___ Task inputs
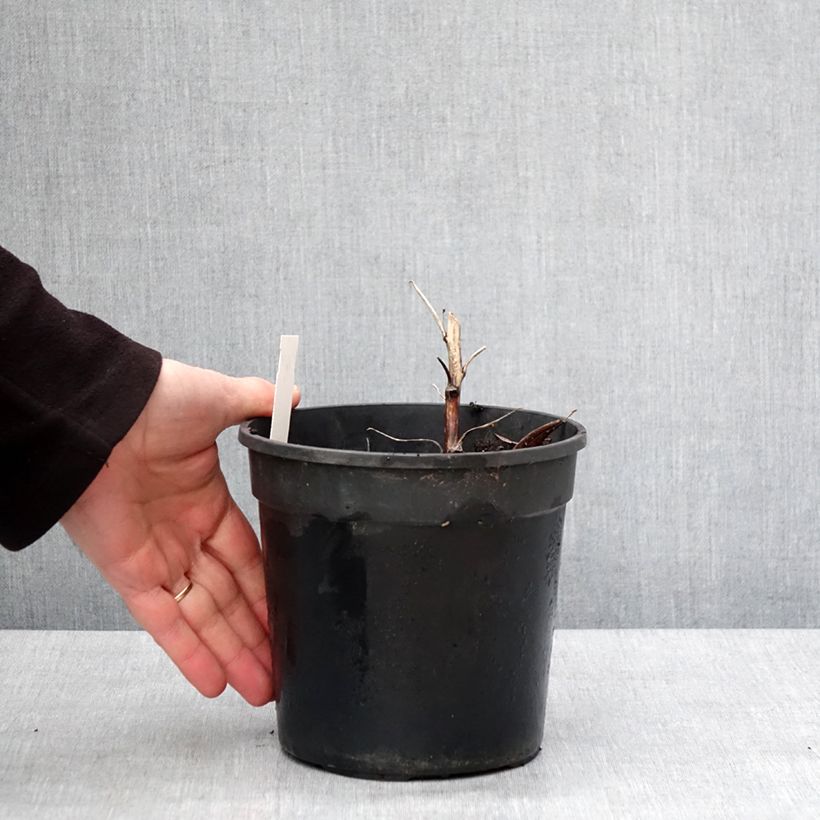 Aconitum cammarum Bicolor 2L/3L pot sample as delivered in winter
______
___ Task inputs
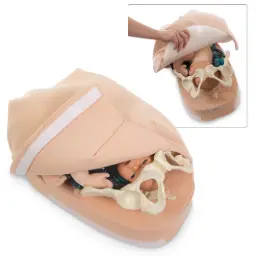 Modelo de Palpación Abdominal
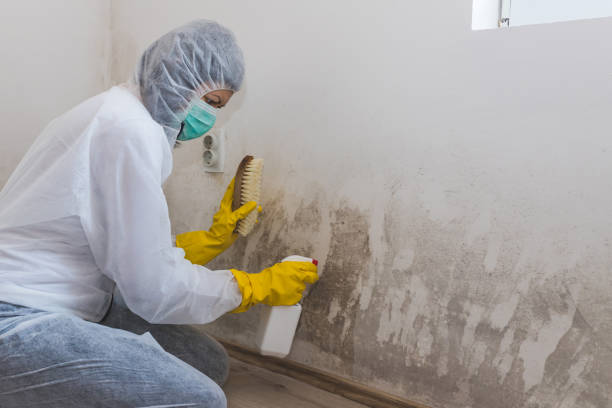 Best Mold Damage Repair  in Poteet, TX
______
» **Work instruction**:
Starting at the line that contains "Modelo de Palpación Abdominal" and ending at the line that contains "Best Mold Damage", transcribe the material above exactly, excluding pictures.

» **Problem solution**:
 Modelo de Palpación Abdominal
 Best Mold Damage Repair  in Poteet, TX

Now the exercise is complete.